Le territoire de l’oubli. L’inconscient. La mémoire. Les fouilles. Le corps. Tel est le lexique qui me vient à l’esprit après lecture de ce recueil. L’exploration de la parole ne peut être en lien qu’avec le corps puisque l’origine de notre vie a précédé notre parole. Le travail d’ archéologie qu’est l’œuvre d’écriture ne peut donc passer que par le terrain de la chair, c’est pourquoi l’auteur bouscule les mots afin de saisir toute la complexité de la vie – celle qui intègre aussi sa finalité, la mort.
Il devient impensable de séparer corps, langage et petites-morts, dont les répétitions sont comme autant de ratures, de feuilles déchirées par l’écrivain. Le langage, s’il veut révéler l’être dans son authenticité, doit être brisé, se perdre… avant de tomber dans l’oubli, de retourner au silence (étouffé par l’inexorable « en » taire).
Par l’exercice d’écriture, le narrateur souhaite atteindre les rivages de l’origine de la vie, c’est sans doute pour cela qu’il essaie de réduire l’espace entre les mots en rapprochant les corps.
Par cette exploration du vide, parviendra-t-il à atteindre l’unité ? Par le rapprochement des corps, peut-on espérer ressentir le grain de peau de la lumière ? Pourquoi ce rapprochement est-il si récurrent ? «C’est comme si nous avions perdu quelque chose au large », nous dit l’auteur. Nous sommes les héritiers d’une histoire qui remonte à notre séjour au Jardin d’Eden, où l’acte créateur (de vie) était interdit à l’homme, seulement permis à Dieu.
Peut-on reconquérir ce droit, par la création d’une écriture singulière qui exige de remettre son ouvrage chaque jour sur le métier afin de mener toujours plus finement l’ exploration du verbe… une exploration qui pourrait nous mener à l’extase !
Sade, en son temps, n’aurait jamais admis que sa pensée ait pu le trahir.

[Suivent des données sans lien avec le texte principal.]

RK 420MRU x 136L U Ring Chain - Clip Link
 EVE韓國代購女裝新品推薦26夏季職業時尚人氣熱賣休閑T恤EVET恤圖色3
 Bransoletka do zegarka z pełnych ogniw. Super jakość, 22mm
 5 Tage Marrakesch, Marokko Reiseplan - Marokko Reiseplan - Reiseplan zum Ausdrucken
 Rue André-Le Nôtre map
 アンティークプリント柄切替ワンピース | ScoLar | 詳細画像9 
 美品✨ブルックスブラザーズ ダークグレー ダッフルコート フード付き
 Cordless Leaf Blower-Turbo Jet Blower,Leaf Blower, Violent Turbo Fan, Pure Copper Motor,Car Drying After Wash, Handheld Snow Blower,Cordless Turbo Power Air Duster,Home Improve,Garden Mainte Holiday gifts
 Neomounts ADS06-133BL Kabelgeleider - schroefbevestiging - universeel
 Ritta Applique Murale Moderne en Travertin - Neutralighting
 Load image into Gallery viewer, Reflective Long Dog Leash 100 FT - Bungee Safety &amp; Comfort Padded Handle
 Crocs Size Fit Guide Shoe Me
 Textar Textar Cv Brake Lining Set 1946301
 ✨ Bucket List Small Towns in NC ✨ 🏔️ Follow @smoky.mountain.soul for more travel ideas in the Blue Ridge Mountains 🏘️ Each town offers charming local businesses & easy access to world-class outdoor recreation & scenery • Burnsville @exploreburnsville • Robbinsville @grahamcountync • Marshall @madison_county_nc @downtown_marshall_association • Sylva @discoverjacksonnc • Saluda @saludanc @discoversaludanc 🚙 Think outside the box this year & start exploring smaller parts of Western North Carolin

La pensée de ses pairs n’était pas assez évolue pour le comprendre, lui.
Chercher le lieu de la parole enfouie en soi pour l’être écrivant, ne peut se faire que par le liant (la métaphore) de l’expérience d’amour, ainsi la parole a une chance de revenir « aux bords de mères », à moins que, tout comme le retour au jardin d’Eden, l’espoir d’une écriture novatrice ne soit vouée qu’à l’échec. Le rêve est permis de voir le « mot dit dépasser du lit du fleuve amour ».
Ce recueil offre une écriture imagée, déroutante par moments, réjouissante là où on ne l’attend pas, heureuse au final. L’écriture est une sacrée aventure dont le résultat échappe à notre imagination, car il nous est juste donné de la travailler au corps.